陸上・駅伝

連載:M高史の陸上まるかじり

日体大OB・佐藤政志さん「継続は力なり」を体現し、世界マスターズ金メダリストに!

日体大OBの佐藤政志さん。2018年の世界マスターズ陸上では4×100mリレーで金メダルを獲得されました(写真提供全て本人)

今回の「M高史の陸上まるかじり」は佐藤政志さん(49)のお話です。高校で陸上(短距離)を始め、日本体育大学に進むも学生時代は目立った成績はありませんでした。社会人になってから27歳の時に人生初の10秒台(10秒86)をマーク。その後、マスターズ陸上に挑戦し、2018年には世界マスターズ陸上で武井壮さん、朝原宣治さん、譜久里武(ふくざと・たけし)さんと4×100mリレーに出場し、金メダルを獲得されました。

高校で陸上を始める

新潟県出身の佐藤政志さん。小学校では野球、中学ではサッカーをしていました。「実は運動好きな方ではなくて、本を読むのが好きなおとなしめな子でした(笑)。ちょうどスポーツ漫画が流行(はや)っている時期で漫画に影響されて、野球やサッカーをやり始めました」。その後、市の陸上大会で100mの代表選手に選ばれました。「それまで苦手意識がありましたが、自信をつけ前向きにスポーツをするきっかけになりました」

高校から陸上部に。「中学でサッカー部だった先輩が陸上部に入っていて、誘われました。個人競技は初めてでしたが、チームスポーツは自分がミスした時のプレッシャーもありますし、個人種目の方が合っているのかなと感じていました」

顧問の先生は陸上専門ではなく器械体操が専門でした。

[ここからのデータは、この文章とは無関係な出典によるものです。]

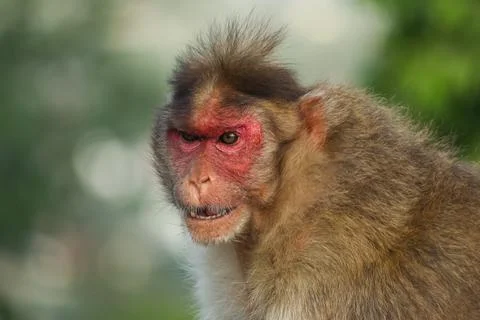 The funny Expressions of monkey Stock Photos
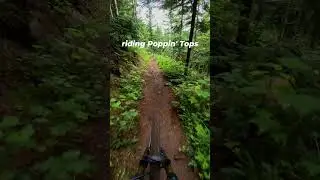 Must ride trail in Seattle area!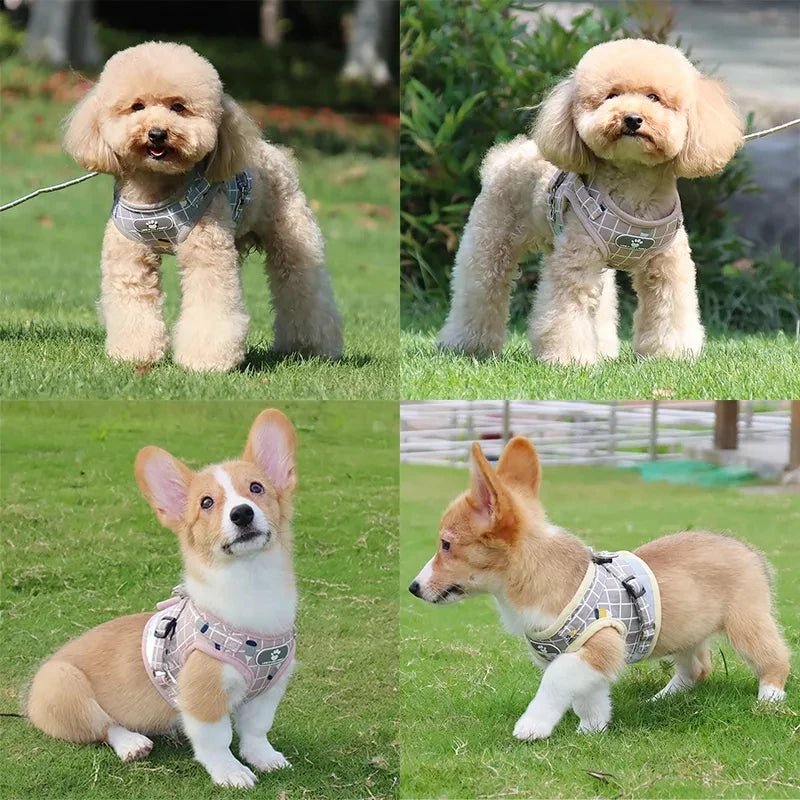 Verstelbaar tuigje voor honden – Past altijd perfect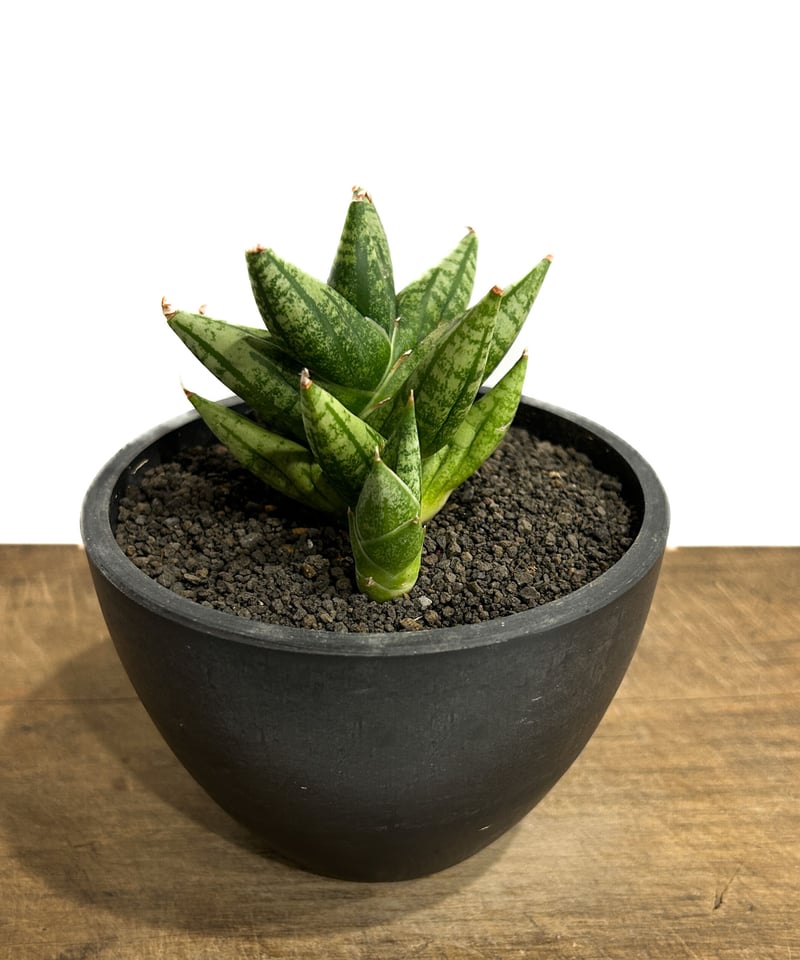 サンスベリア Sansevieria Mingmanee v B サンスベリア Sansevieria Mingmanee v B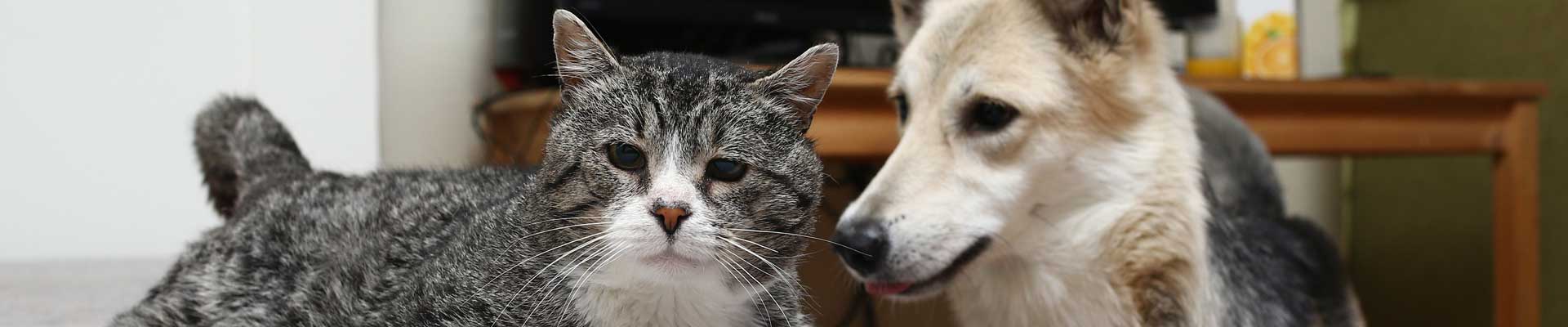 A senior gray Tabby cat and a German Shepherd relaxing at home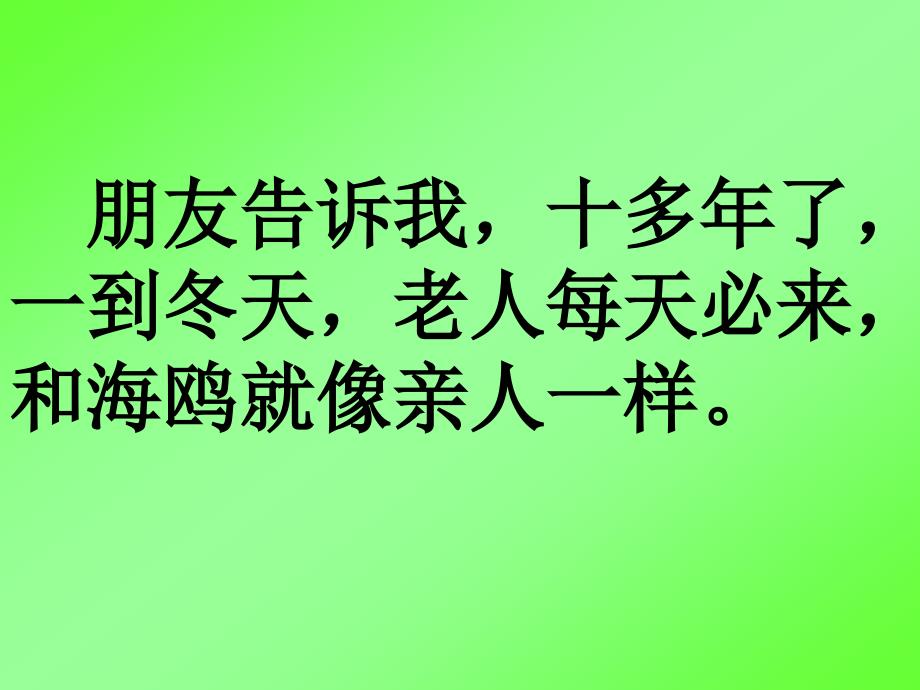 人教版六年级语文上册老人与海鸥课件10_第2页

「先生がメニューを立てたのを先輩がアレンジしていましたね。ぼんやりとした部活生活でした(笑)」。100mも11秒6(手動計時)と決して目立つ存在ではありませんでした。

名門・日体大での4年間

高校卒業後、日本体育大学へ。「もっと記録を伸ばしたい、とちょっとずつ欲が出て、目標が芽生えてきました」

当時の日体大陸上部は部員約400人にという大所帯! 短距離部員だけで約200人。タイム順にA、B、Cといったようにグループ分けされていました。「いろんな都道府県からきた仲間と接して、陸上ってこういう風に頑張るんだという気づき、きっかけになりました。ウェートトレーニングも大学で初めて経験しましたし、短距離のためのメニューも新鮮でしたね」と専門的な練習に驚いたそうです。

アメリカ合宿にて。後方の中央、ジャッキー・ジョイナー・カーシー選手を囲んで(前列一番右が佐藤さん)

また、体育系の大学ということで、授業も体育や実技が多かったそうです。「例えば1年生の時は1限・水泳、2限・ラグビー、3限・解剖生理学、4限・サッカーでそのあと部活といった感じで、単純に体力がつきましたね(笑)。体型もギュッと締まって変わっていきました」

部活に加えて体育の授業も多く、心身ともに鍛えられました(左が佐藤さん)

学生時代のベストは手動計時で11秒0。 インカレメンバーには届かず、Bブロックで練習を重ね記録会などに出場していました。

「4年間でいろんな発見がありつつ、自分に対しての甘えがありました。今思うと、走ることや単純に筋力を上げることばっかりやっていたなと。もともとの体の使い方、運動能力を上げていかないと、と感じます。今、仕事で体の使い方や自分の体をコントロールするといったことをやっていますが、当時はそこまでの考えが及ばなかったですね」。当時は不器用な走り方をしていたといいます。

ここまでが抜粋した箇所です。